La ville de Bujumbura est curieusement calme
Malgré cette attaque du 29 avril, les témoins de la CVR affirment qu’il n’y avait aucun signe d’insécurité dans la ville de Bujumbura au cours de ce long weekend. Et donc, il était pratiquement difficile de connaître cette bande d’hommes armés, disent toujours les témoins.
Les raisons de cette attaque sont encore inconnues, mais certaines informations qui circulent disent que ces hommes voulaient attaquer la radio nationale du Burundi.
D’autres témoins réfutent cette version en disant qu’après l’attaque, il n’y avait pas d’autres mesures à prendre que de renforcer la garde à la radio nationale et presque tous les militaires étaient aux aguets.
De l’analyse de la CVR, il ressort que cet incident de l’assassinat de Kinyomvyi s’est passé exactement comme le Commandant Ndayahoze Martin, alors ministre de l’information, l’avait prédit dans un rapport envoyé au Président Micombero le 18 avril 1968. En effet, Ndayahoze avait écrit qu’un groupe d’extrémistes Batutsi dirigés par Simbananiye Arthémon organiseraient l’assassinat du Président Micombero et imputeraient cela aux Bahutu dans le but de trouver un prétexte pour les exterminer.
Certains anciens militaires ignorent encore aujourd’hui l’organisation de cette soirée dansante du 29 avril 1972, alors que d’autres ne savent même pas dans quelles circonstances elle avait été planifiée. Des témoins de la CVR ont déclaré n’avoir aucune idée de l’endroit où le corps du capitaine Kinyomvyi a été enterré. Mais d’autres affirment qu’il a été enterré avec les honneurs militaires au cimetière de Kanyosha.
Les mêmes témoins ont tenté d’expliquer à la CVR l’origine de ces hommes armés qui ont assassiné Capitaine Kinyomvyi. Les informations finalement obtenues par la CVR indiquent que le déclenchement du génocide contre les Bahutu a été caractérisé au cours de la première semaine par l’attaque menée par des bandes d’hommes armés baptisés « mayi-mulele ». Celles-ci étaient de connivence avec certains Bahutu entraînés par cette même bande armée dans le sud et le sud-ouest du Burundi, plus précisément dans les localités de Rumonge, Makamba et Nyanza-Lac.

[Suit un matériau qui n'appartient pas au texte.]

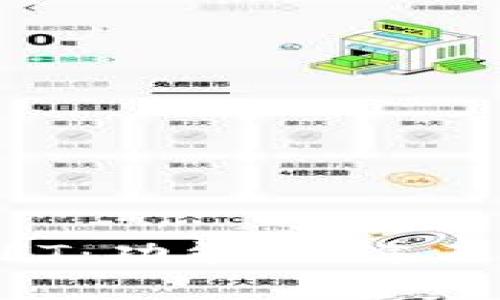 TPWallet的NFT：功能、用途及市场潜力解析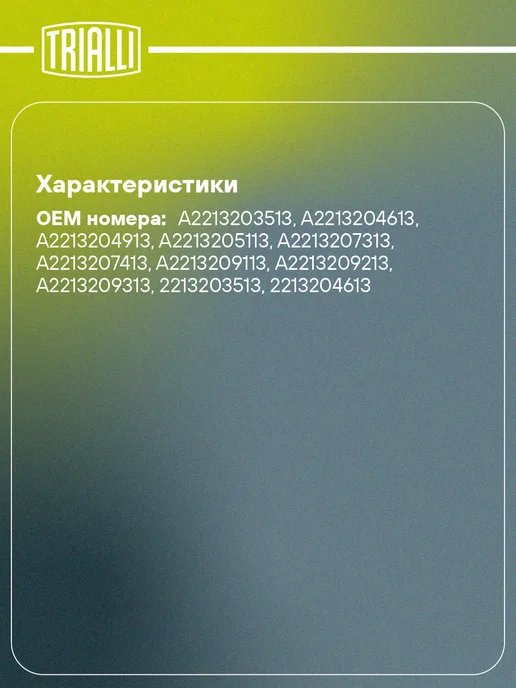 TRIALLI Стойка пневматическая передняя для а м Mercedes-Benz, вариант, фото 2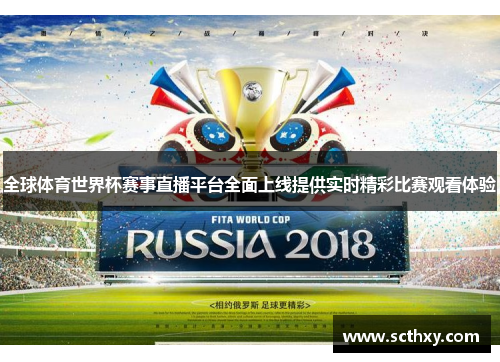 全球体育世界杯赛事直播平台全面上线提供实时精彩比赛观看体验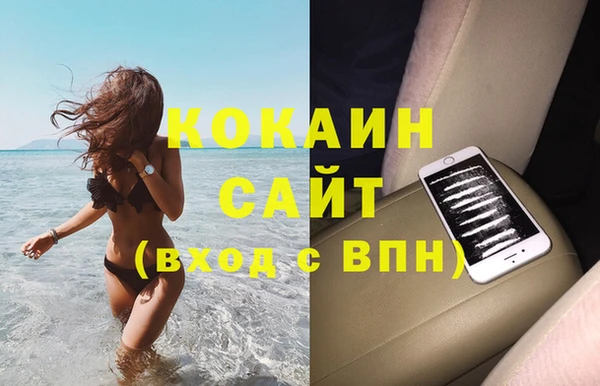 метамфетамин Краснотурьинск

Certains de ces combattants avaient emprunté les rues bordant le lac Tanganyika et les autres traversaient le lac à bord de bateaux en provenance de l’Ex-Zaïre. A Bujumbura, Arthémon Simbananiye, ministre des affaires étrangères, avait mené des contacts avec les leaders de ces mayi-mulele, dont le commandement était confié à Gaston Soumialot. Celui-ci avait séjourné à plusieurs reprises à Bujumbura au vu et au su des plus hautes autorités du Burundi, sans en être inquiété.